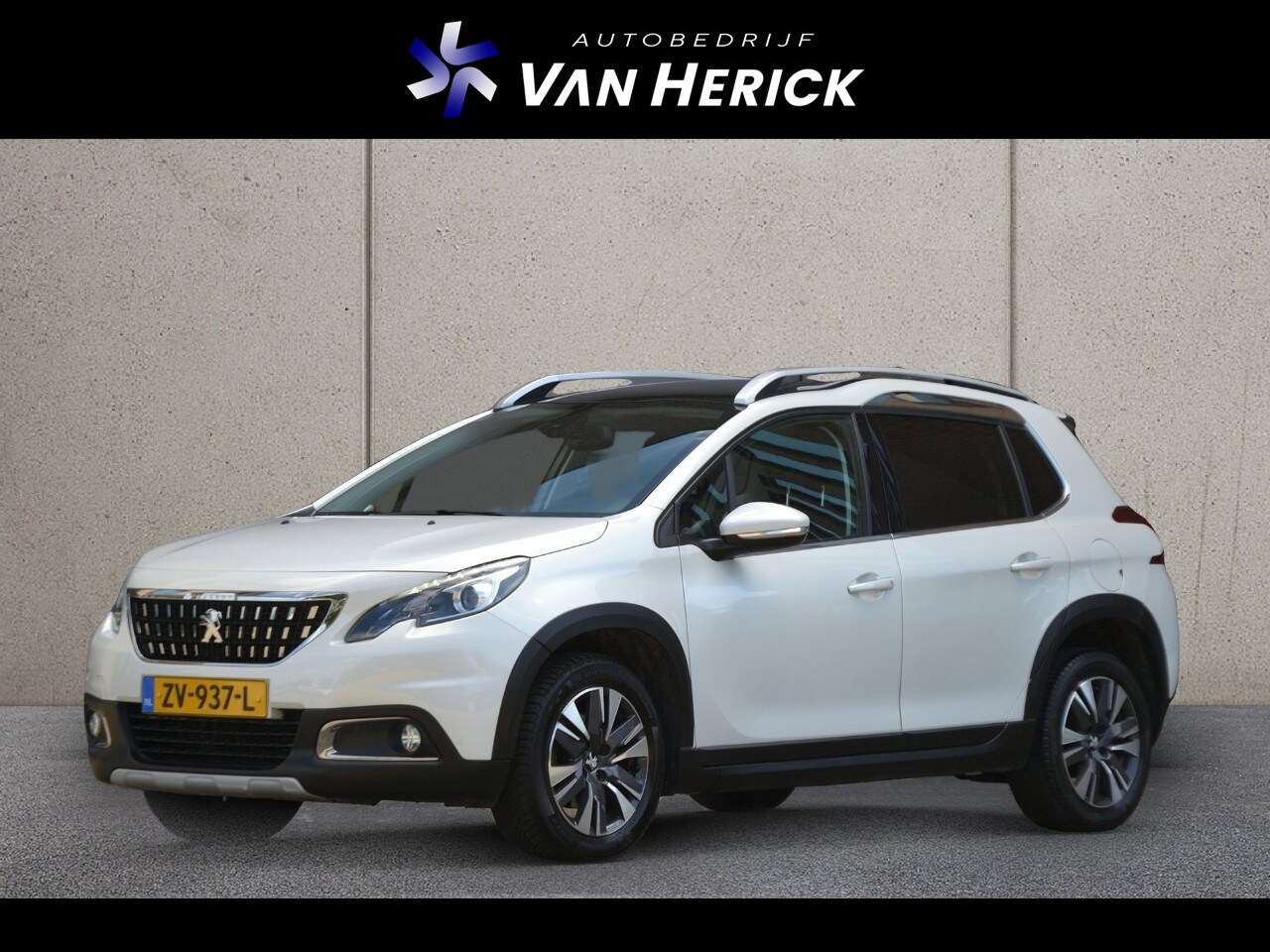 Peugeot 2008 - 1.2 PureTech Allure Automaat | Panorama | Camera - AutoWereld.nl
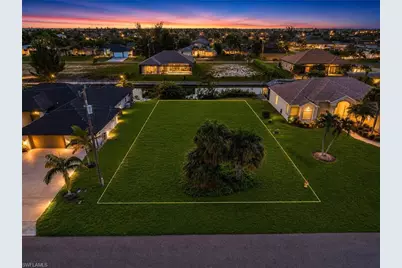 1729 SW 29th Ter, Cape Coral, FL 33914 - Photo 1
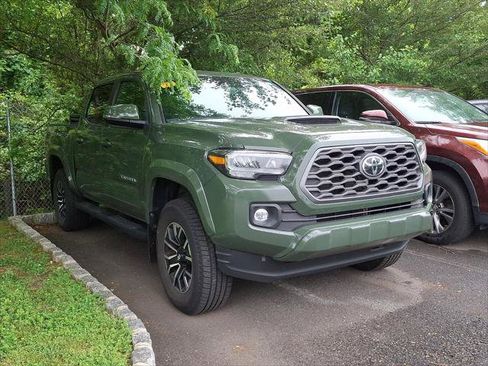 Certified 2021 Toyota Tacoma TRD Sport w/ Technology Package AWD/4WD image 1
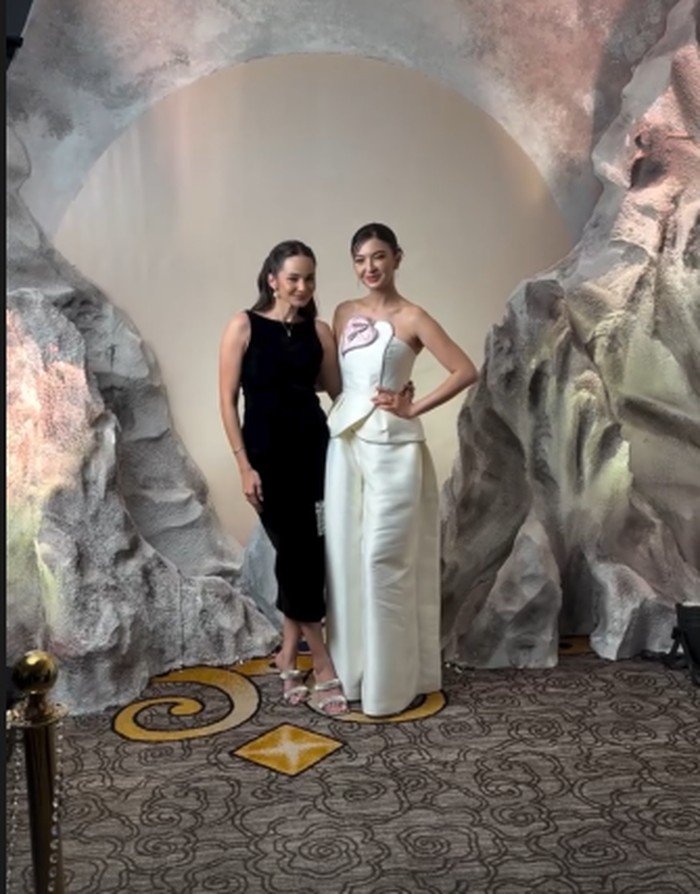 Gaya serba putih ala Raline Shah dipermanis dengan detail bunga anggrek pink di atasan strapless dan celana longgar yang menambah kesan jenjang. (Raline Shah/Foto: instagram.com/stories/ralineshah)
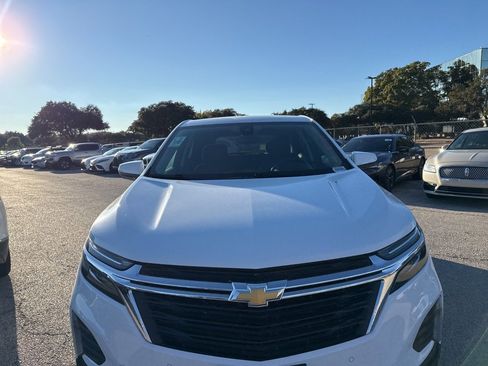 Used 2024 Chevrolet Equinox LT image 2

========================================================================

_Task description_.
Your output must match the records word for word, apart from the images, which are left out.

_Answer box_.
 Peugeot 2008 - 1.2 PureTech Allure Automaat | Panorama | Camera - AutoWereld.nl
 1729 SW 29th Ter, Cape Coral, FL 33914 - Photo 1
 Certified 2021 Toyota Tacoma TRD Sport w/ Technology Package AWD/4WD image 1
 Gaya serba putih ala Raline Shah dipermanis dengan detail bunga anggrek pink di atasan strapless dan celana longgar yang menambah kesan jenjang. (Raline Shah/Foto: instagram.com/stories/ralineshah)
 Used 2024 Chevrolet Equinox LT image 2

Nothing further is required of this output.